● What is needed
Using the listing below, copy exactly the lines from the one containing "Snapshot of Liz_grey_" to the one containing "1854 - Lovely sewing box. Lined with shelf", both lines included, and no others.

⟨

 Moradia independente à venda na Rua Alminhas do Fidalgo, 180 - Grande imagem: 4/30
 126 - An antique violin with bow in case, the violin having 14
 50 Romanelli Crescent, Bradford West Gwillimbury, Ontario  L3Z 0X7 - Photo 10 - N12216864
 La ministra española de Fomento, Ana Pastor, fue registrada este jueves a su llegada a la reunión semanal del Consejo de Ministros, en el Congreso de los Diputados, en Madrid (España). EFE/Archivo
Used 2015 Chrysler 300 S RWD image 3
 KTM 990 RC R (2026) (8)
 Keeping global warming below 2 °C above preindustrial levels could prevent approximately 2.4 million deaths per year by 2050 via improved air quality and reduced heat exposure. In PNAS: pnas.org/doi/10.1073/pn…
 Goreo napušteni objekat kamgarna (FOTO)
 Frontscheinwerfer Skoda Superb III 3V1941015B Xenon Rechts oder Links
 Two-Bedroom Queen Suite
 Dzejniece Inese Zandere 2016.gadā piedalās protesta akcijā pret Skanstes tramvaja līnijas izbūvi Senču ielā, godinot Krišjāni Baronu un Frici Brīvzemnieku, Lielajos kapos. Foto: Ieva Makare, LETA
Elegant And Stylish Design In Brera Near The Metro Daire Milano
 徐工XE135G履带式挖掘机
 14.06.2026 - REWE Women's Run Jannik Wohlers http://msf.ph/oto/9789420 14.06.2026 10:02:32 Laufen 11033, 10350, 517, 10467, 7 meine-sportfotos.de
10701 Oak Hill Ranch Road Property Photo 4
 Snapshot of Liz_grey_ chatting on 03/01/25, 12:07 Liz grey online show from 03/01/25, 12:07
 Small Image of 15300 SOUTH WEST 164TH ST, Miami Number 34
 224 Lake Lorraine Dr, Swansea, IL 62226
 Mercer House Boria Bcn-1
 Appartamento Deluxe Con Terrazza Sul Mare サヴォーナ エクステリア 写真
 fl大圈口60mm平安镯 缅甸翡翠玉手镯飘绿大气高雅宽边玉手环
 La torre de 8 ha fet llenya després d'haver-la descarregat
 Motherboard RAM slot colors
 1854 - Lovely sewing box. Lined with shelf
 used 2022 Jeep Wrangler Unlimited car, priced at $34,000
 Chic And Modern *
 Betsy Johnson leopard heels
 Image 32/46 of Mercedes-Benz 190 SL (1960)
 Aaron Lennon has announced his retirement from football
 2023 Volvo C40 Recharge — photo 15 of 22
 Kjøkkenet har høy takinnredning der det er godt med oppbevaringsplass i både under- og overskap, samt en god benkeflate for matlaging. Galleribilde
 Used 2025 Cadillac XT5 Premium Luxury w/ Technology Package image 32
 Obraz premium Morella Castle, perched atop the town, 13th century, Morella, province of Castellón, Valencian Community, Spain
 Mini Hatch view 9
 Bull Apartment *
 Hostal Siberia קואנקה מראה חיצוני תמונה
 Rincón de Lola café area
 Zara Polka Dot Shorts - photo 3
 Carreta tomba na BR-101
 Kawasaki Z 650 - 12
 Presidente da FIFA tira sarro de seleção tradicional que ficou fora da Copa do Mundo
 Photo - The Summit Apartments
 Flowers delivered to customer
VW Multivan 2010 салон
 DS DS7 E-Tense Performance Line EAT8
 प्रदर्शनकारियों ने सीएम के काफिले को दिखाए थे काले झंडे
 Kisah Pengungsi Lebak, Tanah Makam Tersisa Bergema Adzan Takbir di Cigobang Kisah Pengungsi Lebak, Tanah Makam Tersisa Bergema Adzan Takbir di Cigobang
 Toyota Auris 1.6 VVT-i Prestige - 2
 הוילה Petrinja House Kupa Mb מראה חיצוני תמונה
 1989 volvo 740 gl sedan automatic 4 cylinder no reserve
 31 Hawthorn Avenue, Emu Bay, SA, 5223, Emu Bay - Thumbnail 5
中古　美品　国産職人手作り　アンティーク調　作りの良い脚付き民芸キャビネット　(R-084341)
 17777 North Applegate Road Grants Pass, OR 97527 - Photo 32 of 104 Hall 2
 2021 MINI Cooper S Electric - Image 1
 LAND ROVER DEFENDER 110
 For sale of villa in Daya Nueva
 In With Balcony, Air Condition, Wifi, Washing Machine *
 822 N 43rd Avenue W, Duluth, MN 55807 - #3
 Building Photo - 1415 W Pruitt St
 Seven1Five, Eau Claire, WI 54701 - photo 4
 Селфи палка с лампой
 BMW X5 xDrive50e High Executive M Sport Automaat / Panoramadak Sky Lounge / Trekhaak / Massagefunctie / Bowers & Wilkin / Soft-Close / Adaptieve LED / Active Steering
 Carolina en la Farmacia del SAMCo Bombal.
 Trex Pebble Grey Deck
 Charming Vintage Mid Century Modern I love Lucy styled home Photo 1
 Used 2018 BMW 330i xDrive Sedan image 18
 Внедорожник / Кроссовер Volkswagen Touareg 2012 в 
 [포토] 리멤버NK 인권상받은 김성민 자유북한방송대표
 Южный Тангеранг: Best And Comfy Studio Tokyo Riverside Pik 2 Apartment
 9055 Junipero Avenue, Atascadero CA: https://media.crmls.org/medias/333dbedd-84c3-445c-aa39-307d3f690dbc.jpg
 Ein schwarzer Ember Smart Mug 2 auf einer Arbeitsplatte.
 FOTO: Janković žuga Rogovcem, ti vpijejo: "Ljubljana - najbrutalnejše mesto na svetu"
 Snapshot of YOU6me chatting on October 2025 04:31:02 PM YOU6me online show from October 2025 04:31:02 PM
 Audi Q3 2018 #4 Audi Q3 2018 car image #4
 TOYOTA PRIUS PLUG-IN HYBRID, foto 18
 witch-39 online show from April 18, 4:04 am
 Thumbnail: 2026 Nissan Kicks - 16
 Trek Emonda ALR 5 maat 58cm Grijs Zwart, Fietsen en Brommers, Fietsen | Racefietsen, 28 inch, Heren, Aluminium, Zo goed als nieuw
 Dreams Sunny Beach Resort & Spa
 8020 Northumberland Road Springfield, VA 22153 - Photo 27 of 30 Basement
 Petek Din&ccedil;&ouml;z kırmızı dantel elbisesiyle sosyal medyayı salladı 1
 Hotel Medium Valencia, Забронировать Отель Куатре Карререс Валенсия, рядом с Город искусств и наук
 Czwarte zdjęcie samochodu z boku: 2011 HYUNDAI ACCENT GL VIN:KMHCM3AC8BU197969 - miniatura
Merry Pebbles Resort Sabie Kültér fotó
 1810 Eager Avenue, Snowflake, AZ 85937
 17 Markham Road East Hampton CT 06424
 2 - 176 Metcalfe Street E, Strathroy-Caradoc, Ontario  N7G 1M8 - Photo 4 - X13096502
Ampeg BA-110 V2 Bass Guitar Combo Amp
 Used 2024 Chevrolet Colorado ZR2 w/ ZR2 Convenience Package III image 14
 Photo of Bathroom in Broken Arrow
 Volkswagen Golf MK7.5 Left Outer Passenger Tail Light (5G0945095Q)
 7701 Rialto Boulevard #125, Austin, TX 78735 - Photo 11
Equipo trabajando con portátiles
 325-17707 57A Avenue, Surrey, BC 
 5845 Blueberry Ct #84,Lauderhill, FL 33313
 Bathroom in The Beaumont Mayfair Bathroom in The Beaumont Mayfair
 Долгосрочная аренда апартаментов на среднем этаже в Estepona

⟩

● Task answer
 Snapshot of Liz_grey_ chatting on 03/01/25, 12:07 Liz grey online show from 03/01/25, 12:07
 Small Image of 15300 SOUTH WEST 164TH ST, Miami Number 34
 224 Lake Lorraine Dr, Swansea, IL 62226
 Mercer House Boria Bcn-1
 Appartamento Deluxe Con Terrazza Sul Mare サヴォーナ エクステリア 写真
 fl大圈口60mm平安镯 缅甸翡翠玉手镯飘绿大气高雅宽边玉手环
 La torre de 8 ha fet llenya després d'haver-la descarregat
 Motherboard RAM slot colors
 1854 - Lovely sewing box. Lined with shelf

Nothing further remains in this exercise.